БИРОБИДЖАН, 28 января, «Город на Бире» — 27 января, в день освобождения Советскими войсками концентрационного лагеря Освенцим, жители Биробиджана собрались на митинг вокруг памятного камня, установленного рядом с общиной «Фрейд» и биробиджанской синагогой. У большинства присутствующих были таблички с надписью: «Мы помним».
Тем, что Холокост не может подлежать забвению, были наполнены выступления заместителя председателя областного Законодательного собрания, директора лицея № 23 Лилии Комиссаренко, и координатора программы ENERJEW еврейского молодёжного центра Веры Кравец. В составе молодёжной делегации Вера сама побывала в лагере Освенцим, где для истории сохранены бараки, места расстрелов, газовая камера.
Координатор программы ENERJEW еврейского молодёжного центра Вера Кравец.
– Сын одной из узниц Освенцима, – вспомнила Вера, – говорил нам, что мы все здесь – сохранившиеся осколки еврейского народа, и наша задача – собрать общину заново. Это то, чем мы сейчас занимаемся.
Кадеты школы МЧС юных пожарных спасателей зажгли у основания памятного камня десятки свечей. Участники митинга почтили память жертв Холокоста минутой молчания, и, следуя еврейской традиции, положили к основанию памятного знака камни.
После митинга в городском Дворце культуры состоялся вечер-реквием, на котором первым выступил исполняющий обязанности губернатора области Ростислав Гольдштейн.
– Если честно, – сказал Ростислав Эрнстович, – я не знаю, о чём говорят в таких случаях, поэтому начну стихами известного еврейского поэта Наума Коржавина: «Мужчины мучили детей. Умно. Намеренно. Умело. Творили будничное дело, трудились – мучили детей…» Польша, автобус делегация. Мы подъезжаем к лагерю, ряды каменных зданий. Ворота. Я вспоминаю фильмы, на которых вырос, и книги, которые читал. Я знаю, что, войдя в ворота, увижу столовую, оркестр, который играл 12 часов в сутки. Это были евреи. Справа – виселица, проходя чуть дальше понимаешь, что тут должен быть плац. На самом деле он не большой, и не понимаешь, как туда помещалось такое количество людей. Очень холодно, горы человеческих волос, детская обувь, утварь, посуда. Женщины её везли с собой, чтобы наладить новую жизнь. Их сожгли в печах. Все европейские страны приняли закон об уничтожении евреев. Нам сейчас говорят, что погибли миллионы. Да, 27 миллионов советских людей погибли в этой войне, но при этом, только евреи не могли выжить, потому что они евреи. Мы проходим через газовую камеру, помещение примерно 10 на 20 метров, закопчённое, с земляным полом, и выходим через крематорий на улицу. Какая–то молоденькая польская корреспондентка, хорошо говорящая по-русски, начинает задавать вопросы, а я не понимаю, о чём она говорит. Она говорит о том, что нужно уже смириться и забыть, зачем ворошить прошлое… Я не забуду, не забудут мои дети, не забудут мои внуки.

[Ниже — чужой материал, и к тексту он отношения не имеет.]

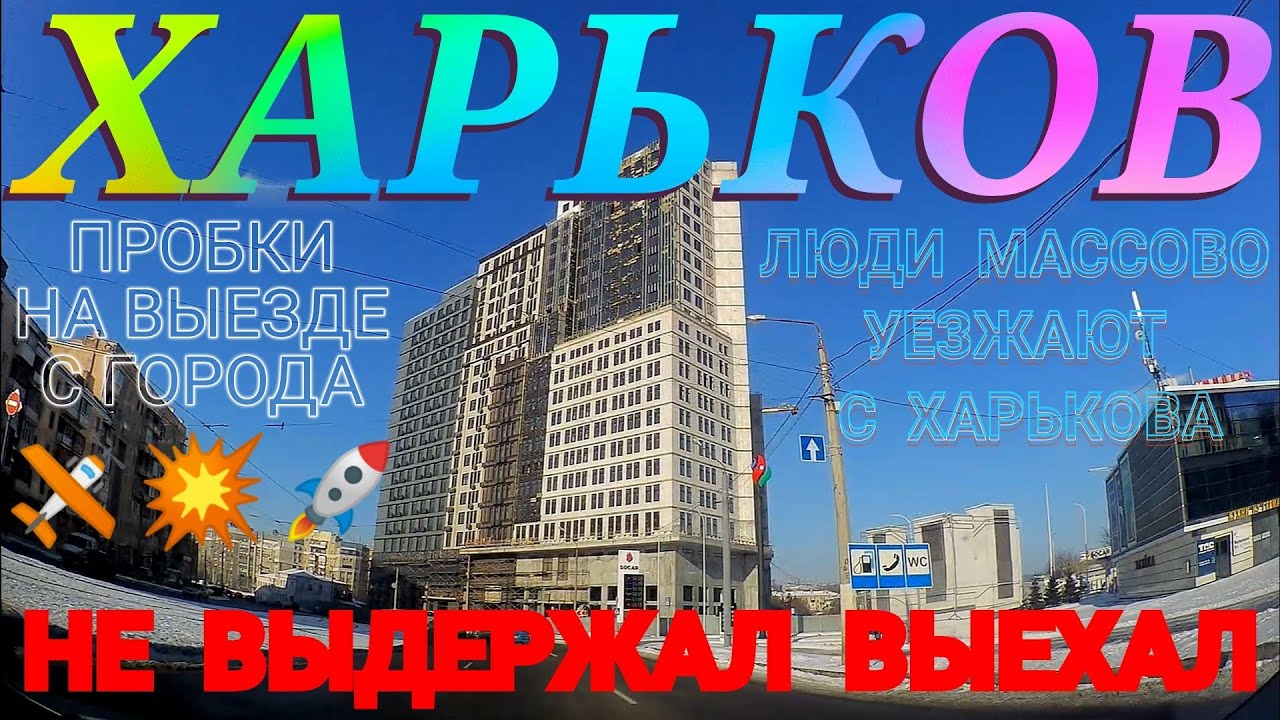 Харьков. 😱 НЕ ВЫДЕРЖАЛ ВЫЕХАЛ‼️ Пробки На Выезде С Города ⁉️ Люди ...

Председатель Законодательного собрания области Любовь Павлова тоже рассказала собравшимся о том, что знает из рассказов своей матери, которая в двенадцатилетнем возрасте была в оккупированном Ростове-на-Дону. Она рассказала о том, как евреев убивали только за то, что они евреи.
– Наша память, – сказала Любовь Алексеевна, – должна быть ответственна за историю уничтожения народа, и мы сохраним эту память.
А потом звучали горькие слова из детских дневников, написанных в годы войны. Были озвучены записи Анны Франк – девочки, погибшей в Освенциме, Бориса Сребника, Анатолия Кучерова и Риммы Финкельфельд-Кучеровой. Если эти воспоминания назвать страшными, то это будет очень мягкой характеристикой.
Со сцены прозвучали песни на иврите, зрителям показаны танцевальные и цирковые номера. Память должна быть живой, а танцы и песни – это тоже часть жизни, а значит, часть нашей памяти.